Paradoxically, despite the condescension and condemnation, Brown does have some very useful things to say about the nature of modern life for the Christian to pick up on. Science may appear to have triumphed over Christianity, but at what cost? Humanity struggles under the weight of a meaningless existence and a loss of accountability. Furthermore Brown even argues very cogently that God can still be both omnipotent and benevolent even in the face of disaster. Most importantly, in the novel's climactic pages the author recognizes that the supreme miracle religion could present would be evidence that God had spoken to a man. Would that Brown had paid a little more attention to his research and seen the historically respected account of Jesus' words recorded in the Gospel of John:
"For I did not speak of my own accord, but the Father who sent me commanded me what to say and how to say it. I know that his command leads to eternal life. So whatever I say is just what the Father has told me to say." (John 12:49-50)
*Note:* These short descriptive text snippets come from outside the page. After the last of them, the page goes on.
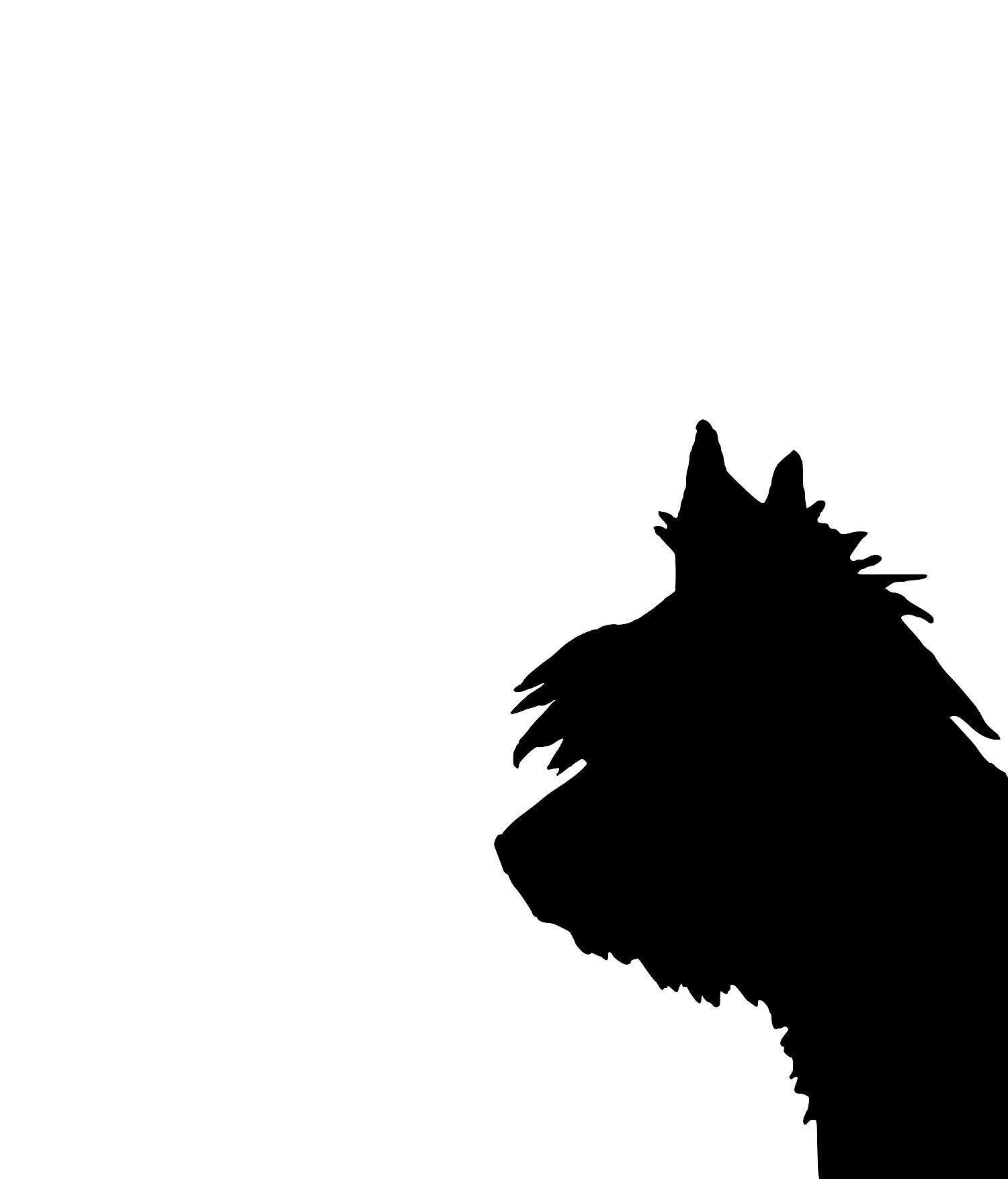 1500x1755 Yorkshire Terrier Silhouette Extra Large Cotton Canvas Tote Bag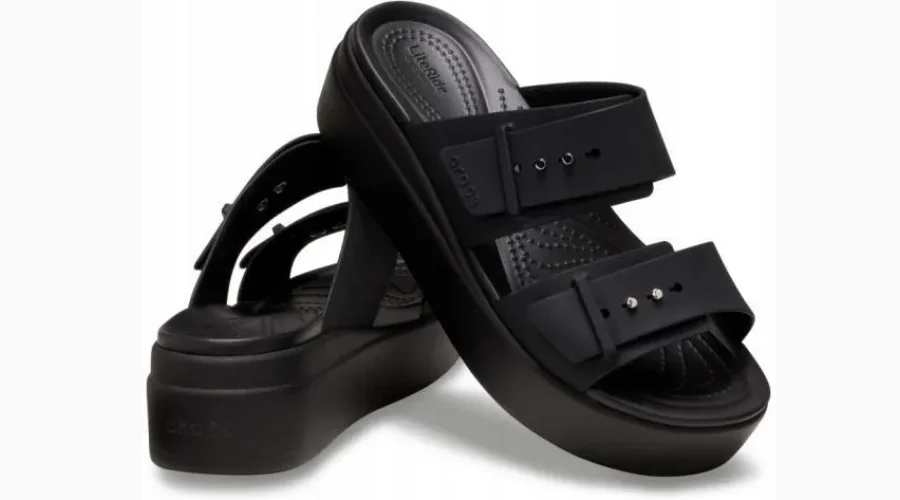 Buty Damskie Sandały Platforma Crocs Brooklyn 207431 Niski Koturn 37-38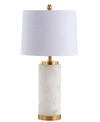 Jonathan Y Eliza Alabaster Led Table Lamp In White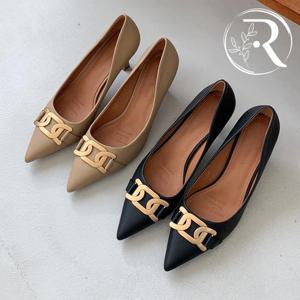 [디자이어로즈] 체인장식 스틸레토 .7.5cm 펌프스 힐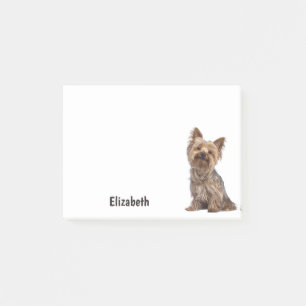 Niedlich Yorkshire Terrier Dog Personalisierter Na Post-it Klebezettel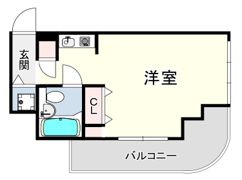 ホーユウコンフォルト芦屋の間取り画像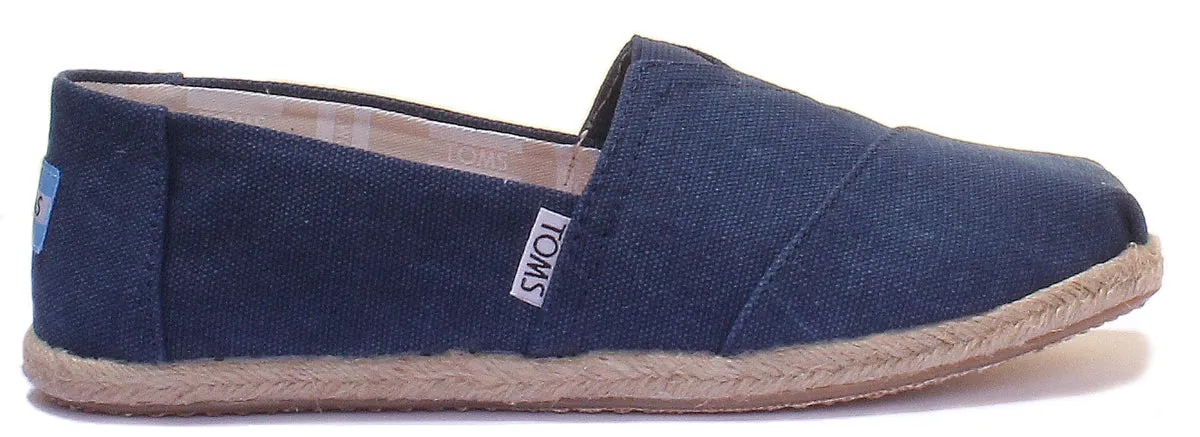 Toms Zapatillas clásicas core de lona para mujer en marino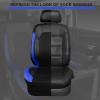 imageCAR PASS Universal Leather car seat Covers Sport fits Most Cars SUVs Trucks and Vans Full Set Black RedBlack Blue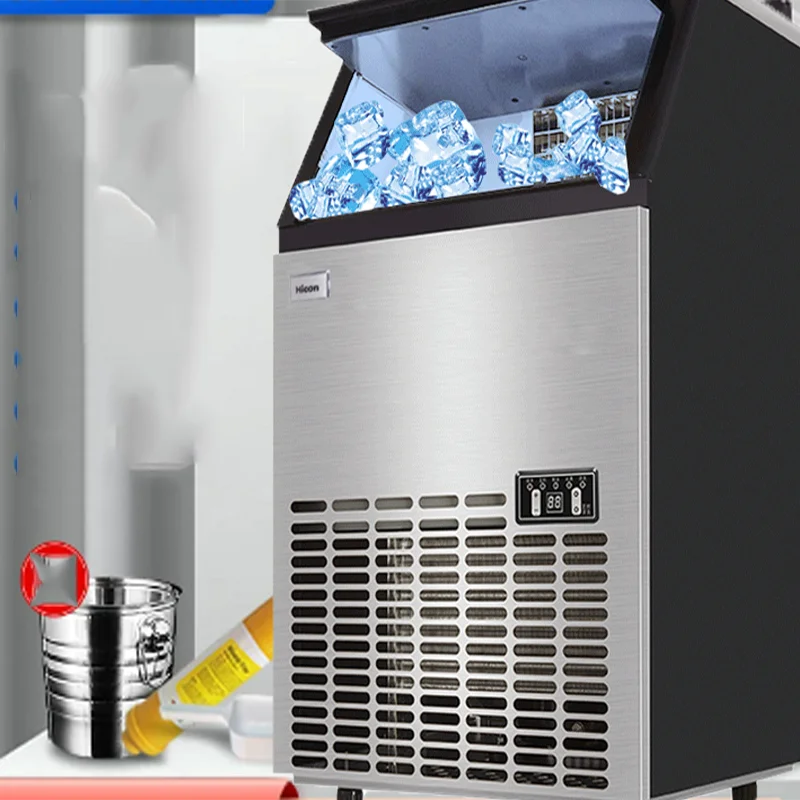 

Stainless Cube Ice Maker Portable Countertop Commercial 220V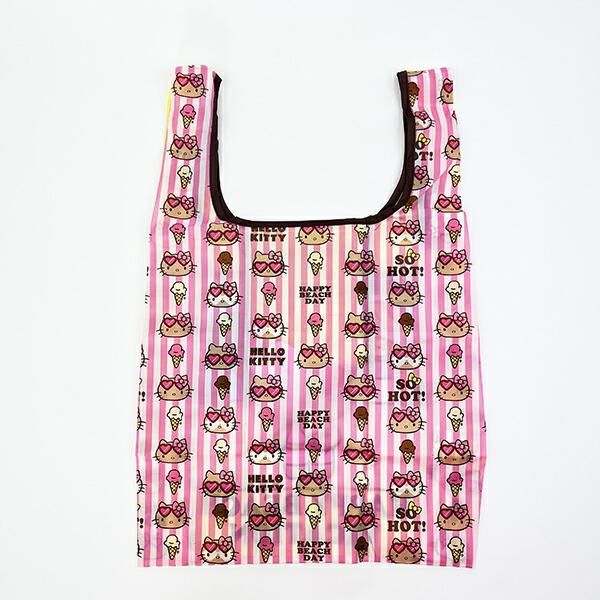 新品 サンリオ イエロー エコバッグ(M) キティ 日焼け ハローキティ その他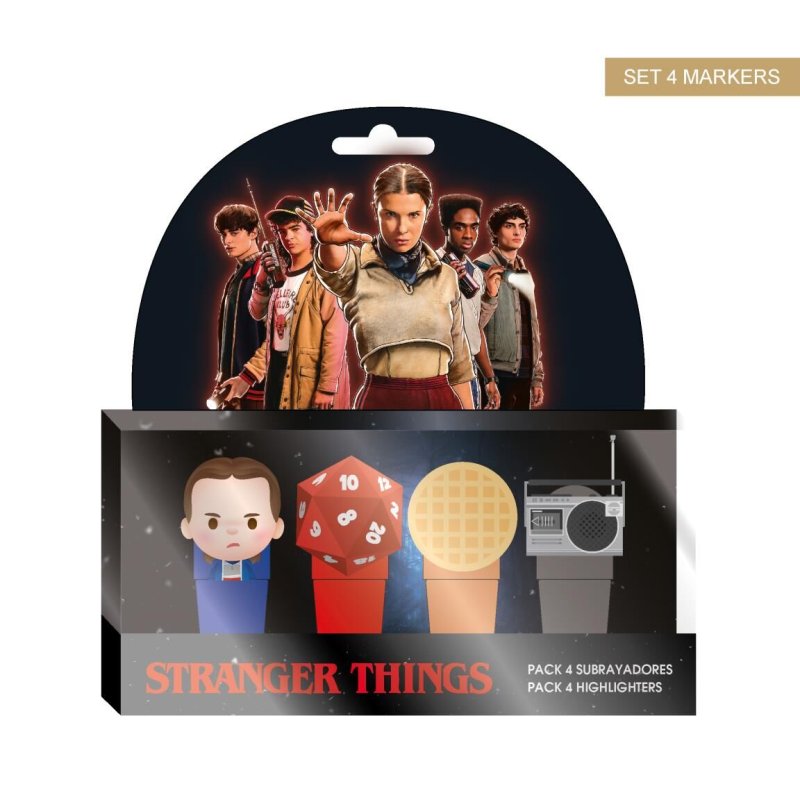 Stranger Things pack 4 highlighters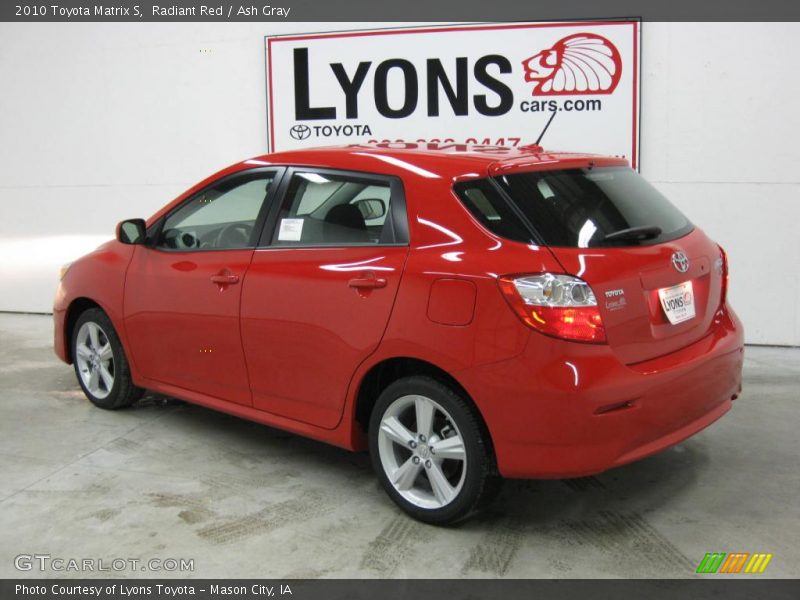 Radiant Red / Ash Gray 2010 Toyota Matrix S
Angels & Demons succeeds for the same reason that pornography succeeds " because it doesn't rely on the factual, it simply provides stimulus. The sheer suggestion of a deceitful Pope who fathers a murderous son bent on blowing up St Peter's Basilica is salicious enough. In that sense, the average reader doesn't mind that the surrounding "evidence' is actually fanciful rubbish. The only thing that matters is the level of satisfaction the conclusion brings. And since Robert Langdon gets the bad guys and the girl, without God stepping in to hold him accountable, it is likely to be a very attractive finale indeed.